Arthur Moses SC, Law Council president, said that the comments are troubling particularly because of ASIC’s status as a “model litigant.”
“The potential consequences for a person faced with criminal or civil proceedings brought by ASIC are extremely serious, including loss of their liberty or their livelihood. There is a presumption of innocence. It is entirely appropriate for any defendant to rely on the rights and protections developed over centuries to ensure the proceedings ASIC is bringing against them are conducted fairly,” Moses said. “It is concerning that ASIC as the regulator would make such statements, as there is a real risk these may put undue pressure on parties not to contest proceedings or raise legitimate issues for determination by a court.”
Moses said that Australia’s courts are well-equipped to deal with time-wasting tactics and unreasonable rejections of settlement.
“They have, and use, mechanisms to ensure that matters are resolved as justly, quickly and cheaply as possible consistent with respecting the parties’ legal rights,” Moses said. “If ASIC believes there are concerns in a particular case about the conduct of the litigation, the appropriate person for ASIC to raise these concerns with is the judicial officer conducting the matter, not by making broad statements to the media which may be read as veiled threats to litigants and business.”
Moses said that the ASIC’s conduct may influence parties not to contest legitimate claims, as well as erode confidence in the judicial system and litigation process.
“I am also concerned that implicit in the comments that have been attributed to the deputy chair of ASIC are what appears to be a criticism of our courts in the management of these cases,” Moses said. “Whether those comments were made by the deputy chair, and if so, whether that was his intention, is not clear.

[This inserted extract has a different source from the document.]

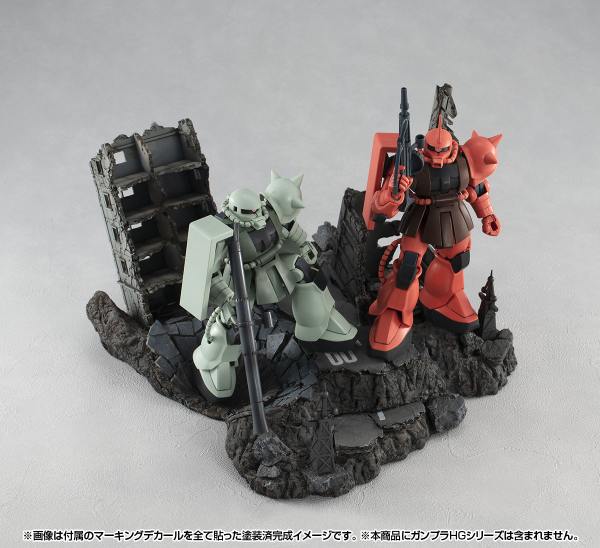 MegaHouse RM series G structure Mobile Suit Gundam【GS02M】 The abandoned buildings in New Yark city (Material Color Edition) | 4535123840876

However, what is clear is that these types of comments should not be made because unfair and incorrect inferences can be drawn from such comments. That is why there is the need for careful language by the regulator when making statements. Our courts are leaders when it comes to the efficient case management of proceedings.”
The Law Council reminded the ASIC that commercial litigation often involves complex and intricate legal and factual issues and transactions.
“In some cases there may be legitimate reasons for extended discovery, interlocutory proceedings or trial preparation. These processes are critical to ensure the time and resources of the court are not subsequently wasted,” Moses said.
The Law Council also took issue with the ASIC’s indication that it would not accept last-minute settlements.
“There may be cases where settlements arise at a late hour, with all parties engaging in good faith, due to the complex nature of some commercial litigation. The suggestion that these would be rejected by ASIC could be seen as demonstrative of the very bullish conduct ASIC is suggesting is objectionable,” Moses said. “Importantly, as a party to proceedings, the concerns and obligations that ASIC has raised are just as applicable to the regulator.”
The Law Council said that the ASIC, the legal profession, and the courts have common duties to promote the administration of justice.
“This will become even more pertinent in light of the Banking Royal Commission’s recommendation that ASIC should adopt an approach to enforcement that takes, as its starting point, the question of whether a court should determine the consequences of a contravention,” Moses said. “Threats to parties for exercising their legal rights have no place in our justice system, especially from a regulator entrusted with the important role of promoting the rule of law. These statements are unhelpful at best, and at worst, risk undermining business and public confidence in Australia’s justice system and regulator.”